Accordingly taking any form of leave must follow the procedures established in either an employment instrument or in accordance with the relevant Acts.

Will isolation count against leave?

This will depend on what arrangement is made between yourself and your employer. While an employer may direct you to see a doctor or stay home you cannot be forced to use any accrued leave. However, if you do not elect to take a form of paid leave, your employer has no legal obligation to pay your wages.
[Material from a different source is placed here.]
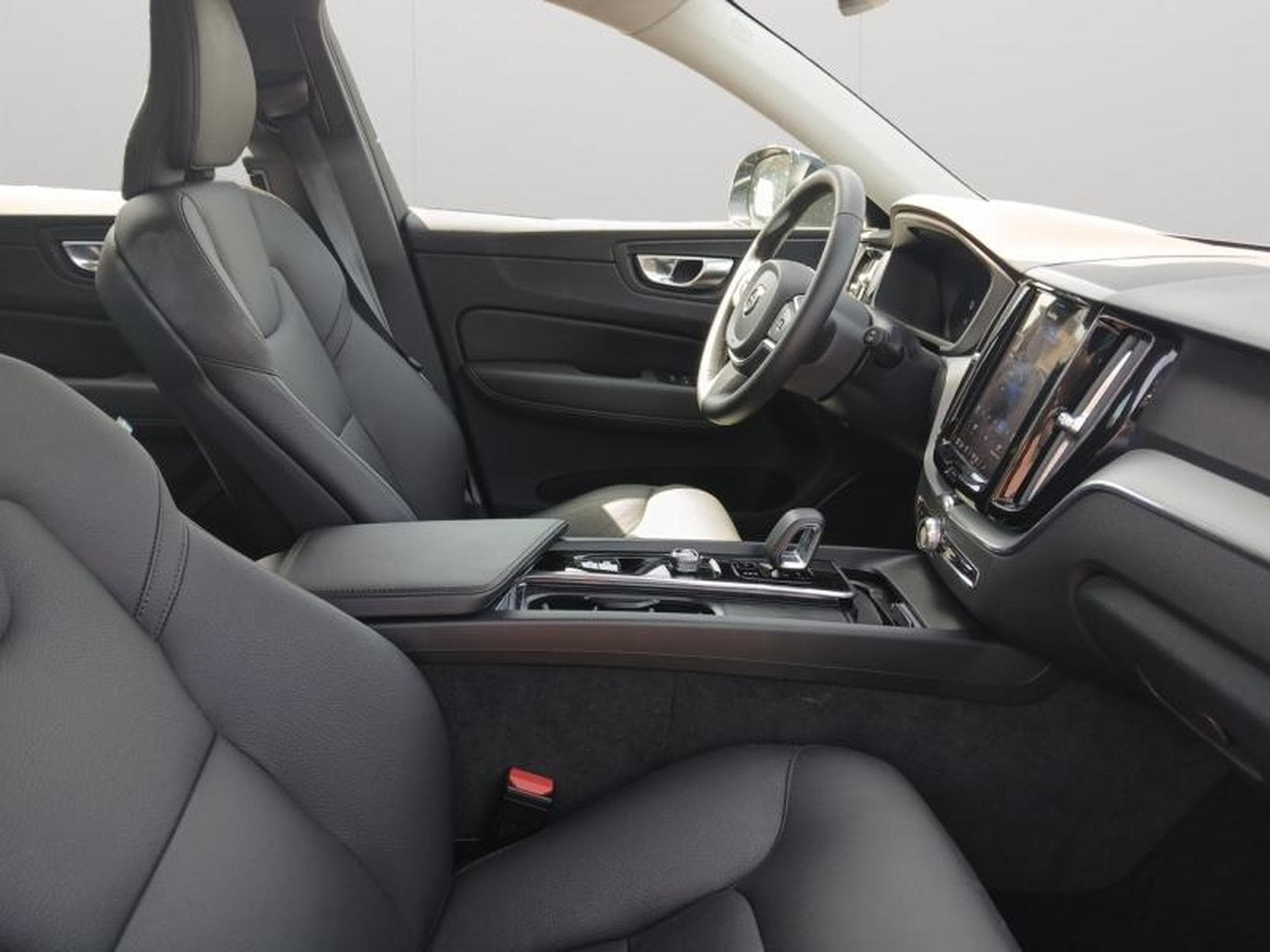 Volvo XC60 B5 Core / Essence (2025) - Photo 15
You must therefore carefully consider your personal circumstances before electing to take unpaid leave.

If possible, look to make alternative arrangements with your employer such as working remotely or a compromise in terms of the amount and type of leave taken. You may have a formal right under your employment agreement to request a flexible or alternative working arrangement. In addition, full or part-time employees with 12 months of continuous service may also have a right to request a flexible or alternative working arrangement under the FWA.
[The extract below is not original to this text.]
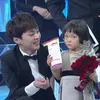 EXO dan anak kecil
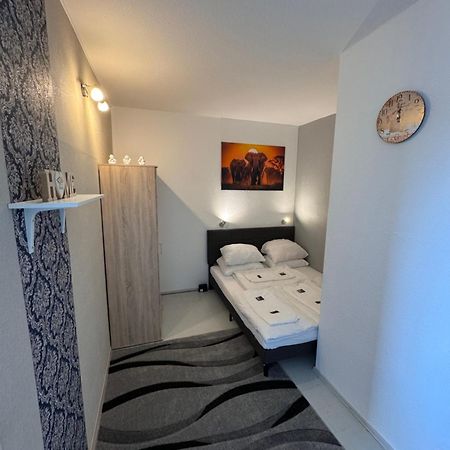 Hubert Apartment เบอร์ลิน ภายนอก รูปภาพ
Requests for flexible work arrangements must be seriously considered by the employer and can only be refused on reasonable business grounds. Workplace regulators have encouraged employees and employers to work together to find solutions to meet the needs of workplaces and staff.

Can I be directed to take leave?

Employers cannot direct employees to take sick leave. An employer may direct an employee to leave the work place or attend a doctor if they suspect they are suffering from an illness.
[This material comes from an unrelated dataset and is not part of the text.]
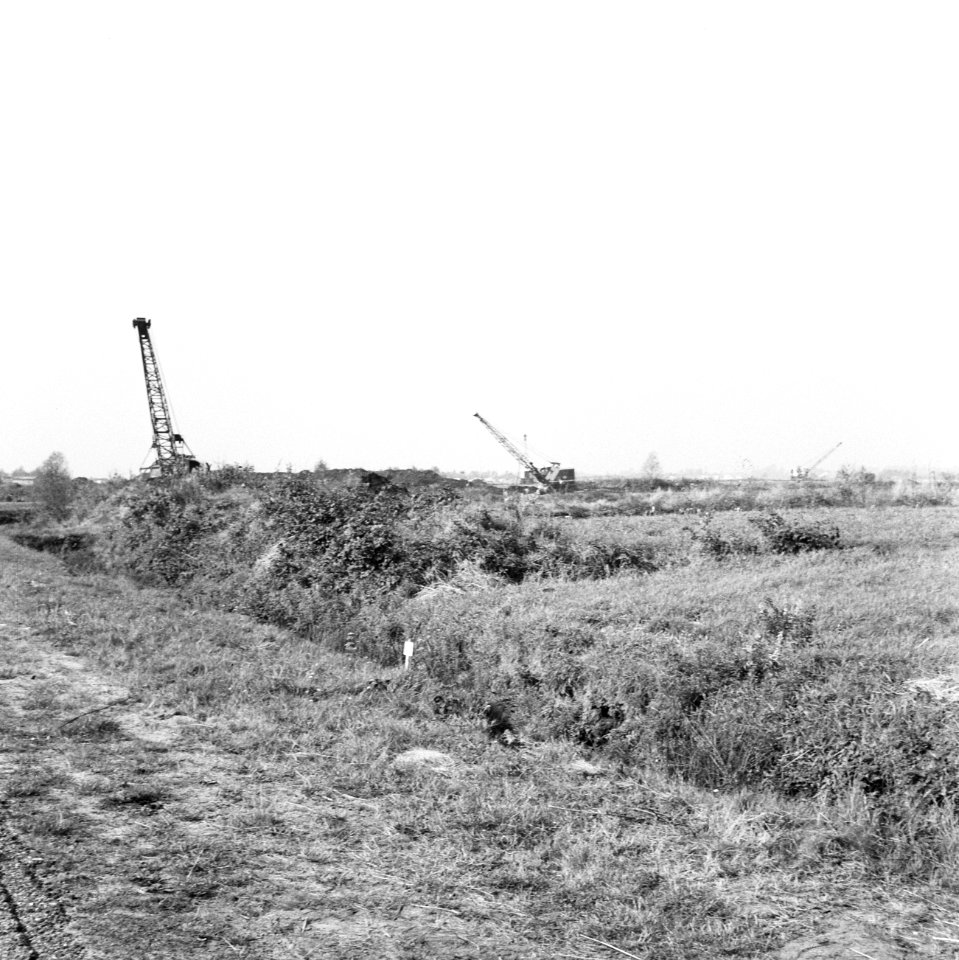 Ontginning, grondbewerking, egaliseren, bezanden, ruilverkavelingen, draglines, , Bestanddeelnr 159-0738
In regard to annual leave, under the FWA an employer can direct an employee to take annual leave, but only when the request is reasonable. In assessing whether a direction is reasonable, the following factors are relevant:

  • The needs of the employee and the business;
  • Any arrangements in place;
  • Custom and practice of the business;
  • Timing of the direction or requirement to take leave; and
  • The length of the period of notice to take leave given.

Directions to take leave during shut down periods have been held to be reasonable. On this basis it appears that a direction issued at this time may be reasonable.

Can an employee be dismissed while on leave?

An employee may be dismissed while on leave provided that the reasons for termination are not based on or related to the employee taking leave.

In regard to personal/carers leave, section 352 of the FWA provides the protection for employees temporarily absent because of illness or injury. There are however two exceptions: where the employee’s absence extends beyond three (3) months; or where the total absences over a 12-month period equate to more than three (3) months and the employee is not on paid person/carer’s leave.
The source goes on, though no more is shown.